It’s the end of the week. I have loads more to share with you, but I’ve run out of time! Those other projects will just have to wait. I have one more project that I quilted on the Husqvarna Viking BRILLIANCE 75Q that I want to share with you.

 

Husqvarna Viking BRILLIANCE 75Q with optional extension table
Husqvarna Viking BRILLIANCE 75Q with optional extension table

 

Earlier this week, I briefly touched on free motion stitch in the ditch quilting with the soccer quilt. I have a different style of quilt today that is a very good candidate for free motion stitch in the ditch quilting.

A while back, I wrote a post on the process of satin stitching the raw edge applique on this piece.

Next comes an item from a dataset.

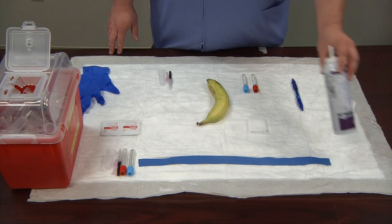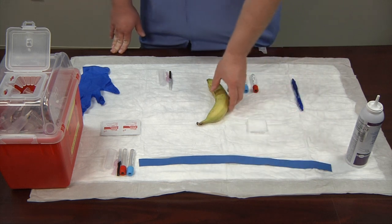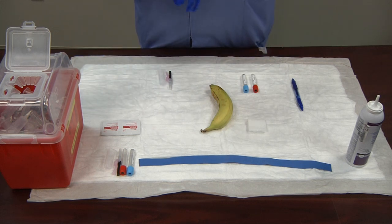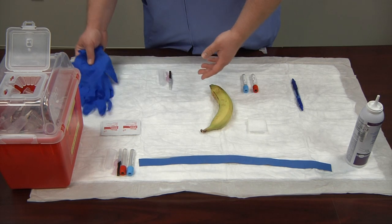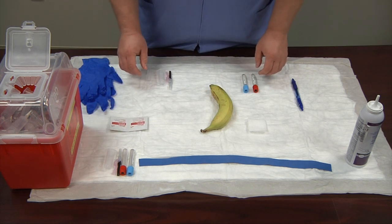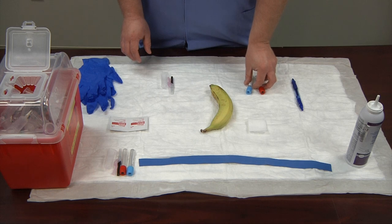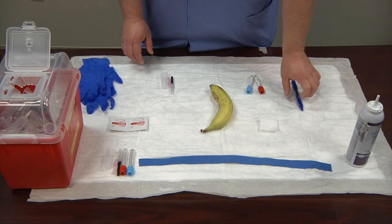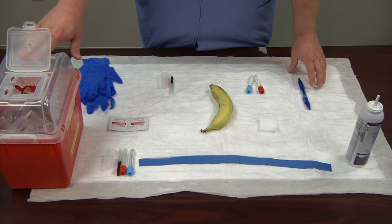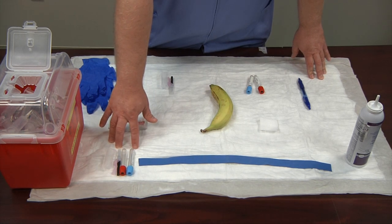The supplies you'll need for a banana blood draw are: hand sanitizer, your tourniquet, your banana (preferably a green one), your PPE — in this case gloves — alcohol swabs with 70% isopropyl alcohol, your vacutainer needle and tubes, 2x2 gauze, and a pen to label with when done. Have your biohazard box nearby within arm's reach, and keep an extra needle and extra set of tubes in case of complications or loss of suction.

The piece measures 24″ by 30″ so it’s not huge but just the right size to continue learning how to maneuver a quilt under the arm of the BRILLIANCE 75Q.

Remember yesterday, I got some bearding with the natural colored batting? Because there’s a lot of black on the surface of this quilt and I used a solid black for the backing, I pulled out some black batting. If there’s any bearding, it won’t be evident.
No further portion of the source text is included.